Here's the question you clicked on:
123goldie
How do you complete the square?
I mean with like quadratic equations...
u add square of half the coefficient of x to both sides.....
if u give a question I can explain..
in algebra we are given an equation; quadratic in nature usually; and in order to "complete the square" we can look to geometry: for instance: x^2 +6x + ??? completes the square set it up like this \begin{array}c &&&6/2\ xs\\ &x^2&x&x&x\\ &x&1&2&3\\ 6/2\ xs&x&4&5&6\\ &x&7&8&9\\ \end{array} it take an additional 9 pieces to "complete" the square
while the geometry is useful to describe what a "complete square" square is; it impractical to use all the time; so we take our lead from it and abstractly construct our square with half of our "x" coefficient; and square it
example: you have x^2 + 10x + C you want to find C. just simply solve this equation: \[10x = 2x*\sqrt{C}\] i mean, you have to match the second term with this expression ( 2x*sqrt(C) )
it will give you C = 25. Thats the number you were looking for ;)
I've found this out by myself when i was in college. It was very useful for my advanced math classes
I've found this out by myself when i was in college.

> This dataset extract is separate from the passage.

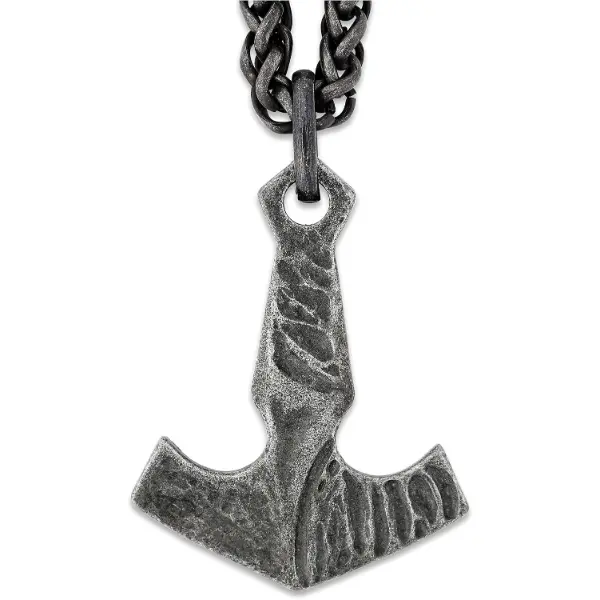 Collana vichinga con ciondolo Mjolnir martello di Thor e catena a spiga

It was very useful for my advanced math classes
25 = 5² which is square of half of the coefficient of x as I said !!!
well.. here is the proof of what you said then. only words doesnt mean anything :p
could I have another example?
Just to get it in my brain :)
abstract: ax^2 +bx +c c = (b/2)^2
x^2 + 4x + C 4x = 2x*sqrt(C) 2 = sqrt(C) C = 4 so: x^2 + 4x + 4 = perfect square
thats if a=1 i believe